*** DATASET RECORDS Section Begins ***
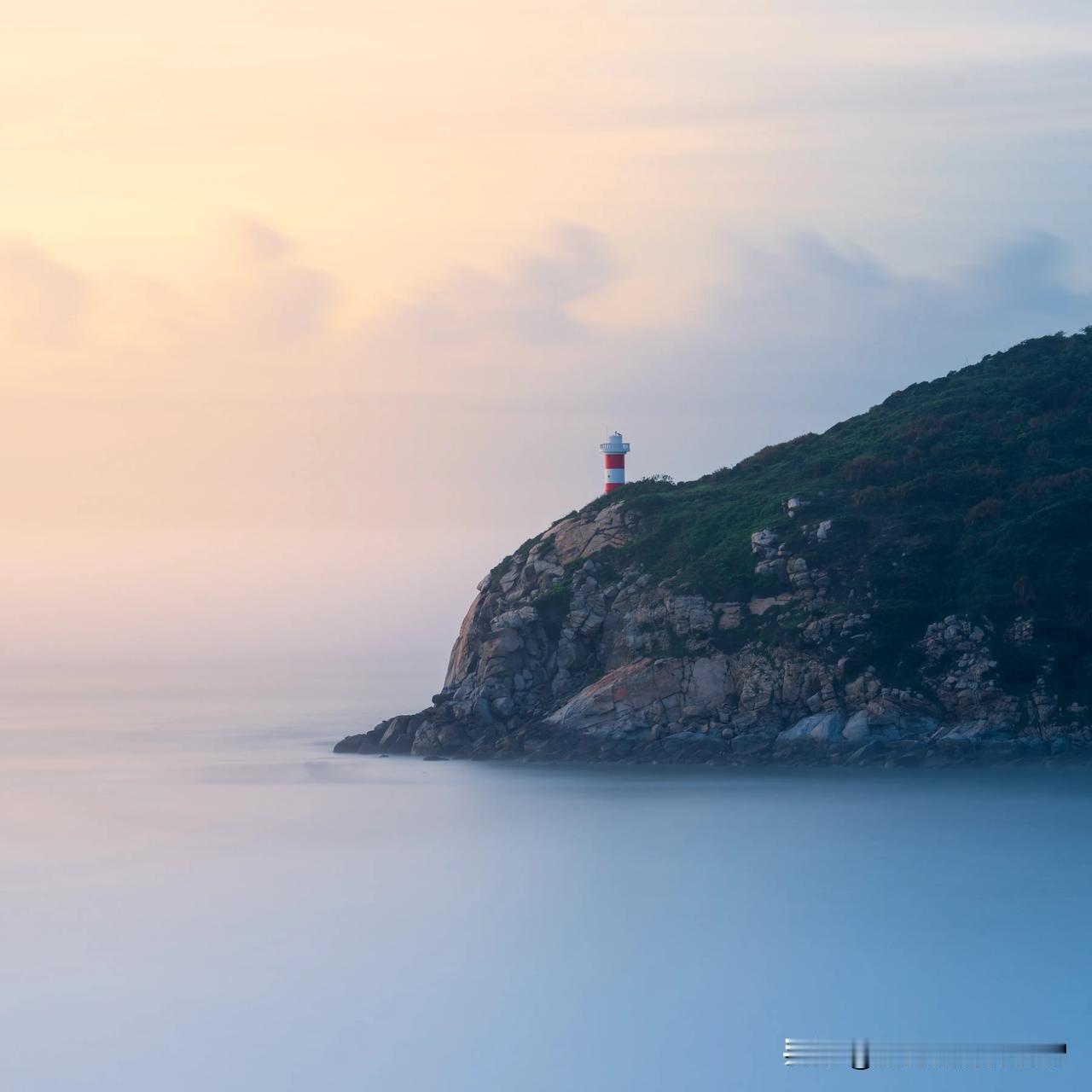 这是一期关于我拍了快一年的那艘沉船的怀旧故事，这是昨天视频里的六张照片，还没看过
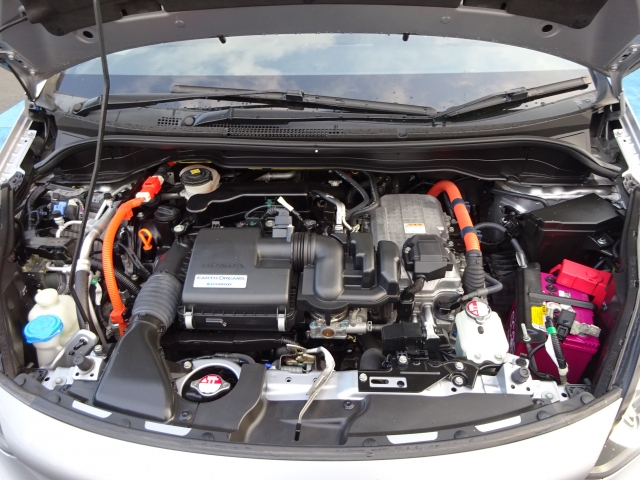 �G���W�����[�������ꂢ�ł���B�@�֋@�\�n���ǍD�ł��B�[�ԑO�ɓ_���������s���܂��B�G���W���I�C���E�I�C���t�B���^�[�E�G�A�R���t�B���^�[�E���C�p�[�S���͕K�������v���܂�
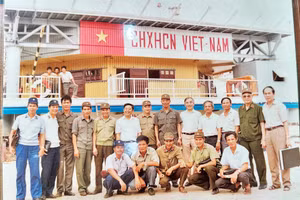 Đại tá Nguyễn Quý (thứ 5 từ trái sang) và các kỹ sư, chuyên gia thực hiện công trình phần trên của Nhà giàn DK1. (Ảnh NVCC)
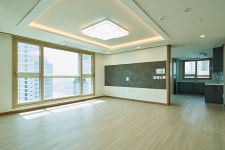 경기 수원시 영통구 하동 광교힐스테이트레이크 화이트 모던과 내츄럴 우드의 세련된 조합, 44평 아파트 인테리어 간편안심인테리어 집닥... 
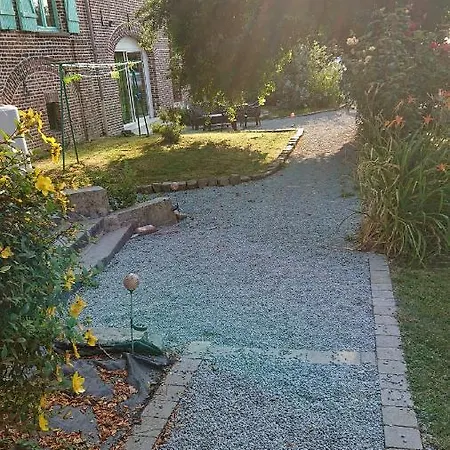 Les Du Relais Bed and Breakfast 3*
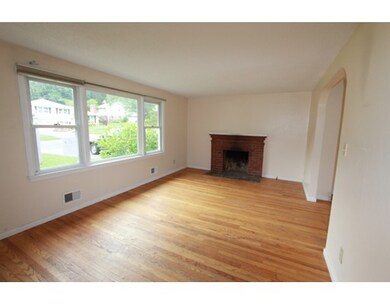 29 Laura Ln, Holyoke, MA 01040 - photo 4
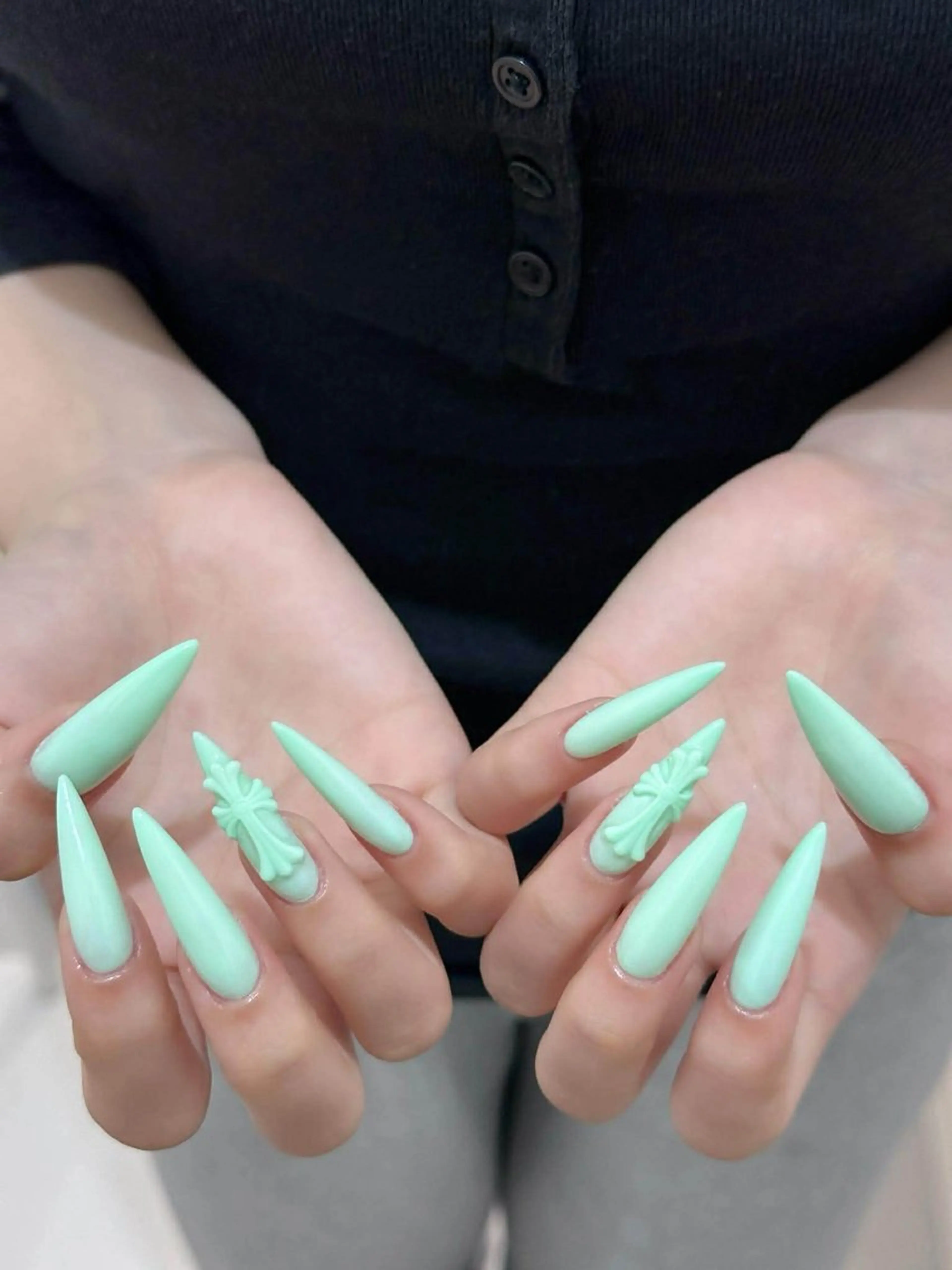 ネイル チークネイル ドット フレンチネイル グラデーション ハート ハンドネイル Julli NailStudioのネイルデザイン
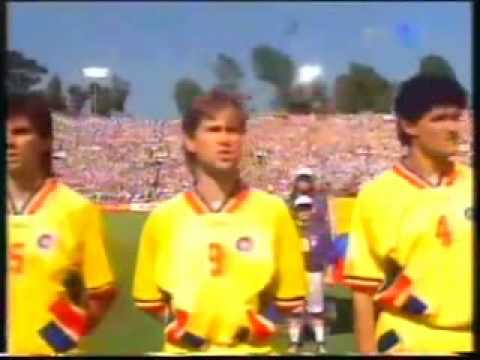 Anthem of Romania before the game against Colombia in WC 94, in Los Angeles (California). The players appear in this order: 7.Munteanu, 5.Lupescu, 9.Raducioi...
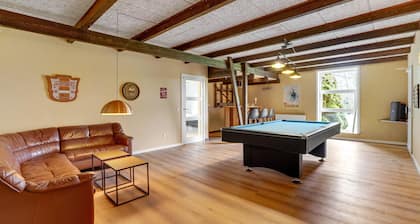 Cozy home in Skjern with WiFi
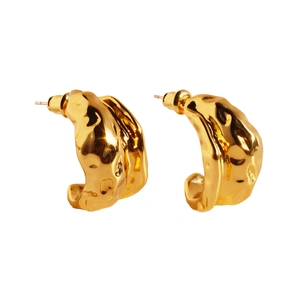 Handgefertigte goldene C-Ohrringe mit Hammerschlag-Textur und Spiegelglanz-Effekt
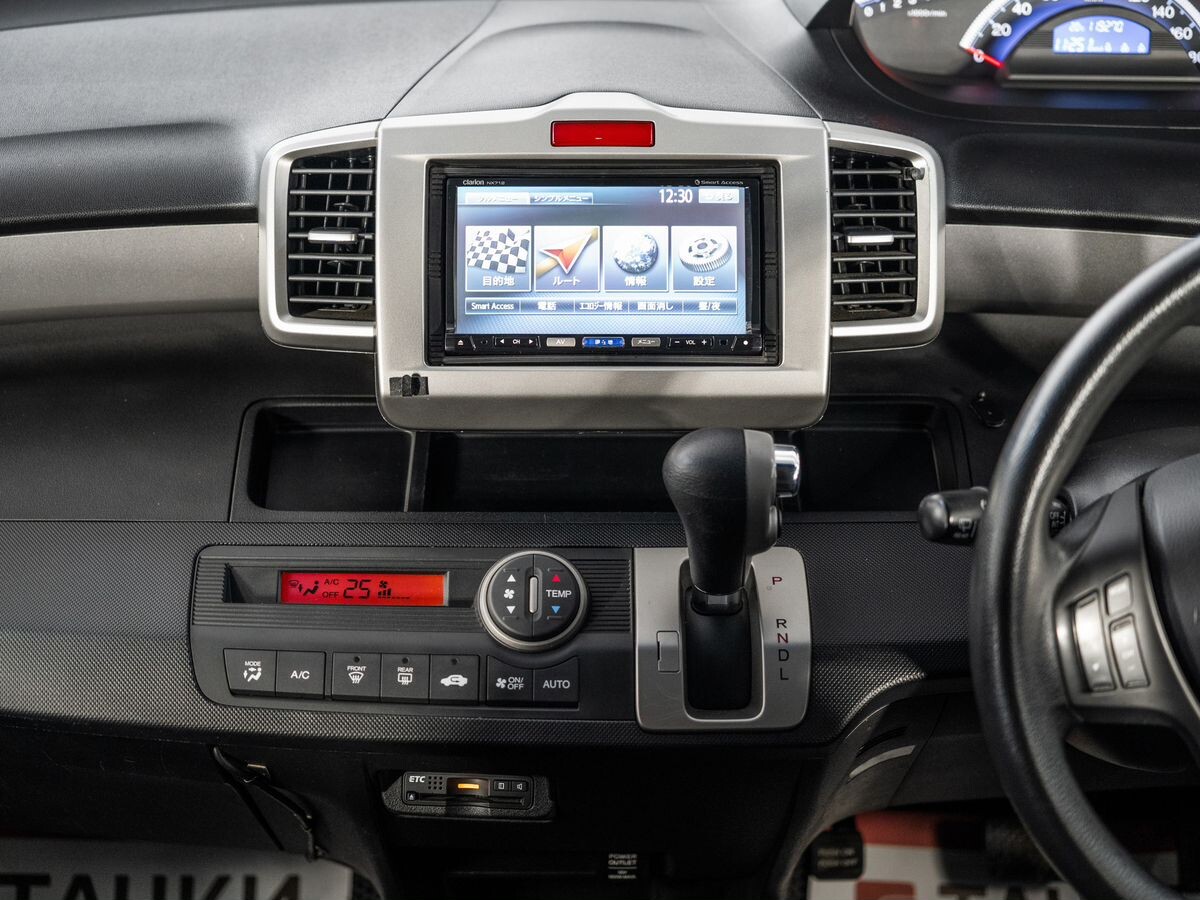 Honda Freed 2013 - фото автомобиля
*** DATASET RECORDS Section Ends ***
§ **WORK INSTRUCTIONS**
Your answer must be the lines from the one holding "Anthem of Romania" through the final line of the records above, exactly as written and without any pictures.

§ **PROBLEM SOLUTION**
 Anthem of Romania before the game against Colombia in WC 94, in Los Angeles (California). The players appear in this order: 7.Munteanu, 5.Lupescu, 9.Raducioi...
 Cozy home in Skjern with WiFi
 Handgefertigte goldene C-Ohrringe mit Hammerschlag-Textur und Spiegelglanz-Effekt
 Honda Freed 2013 - фото автомобиля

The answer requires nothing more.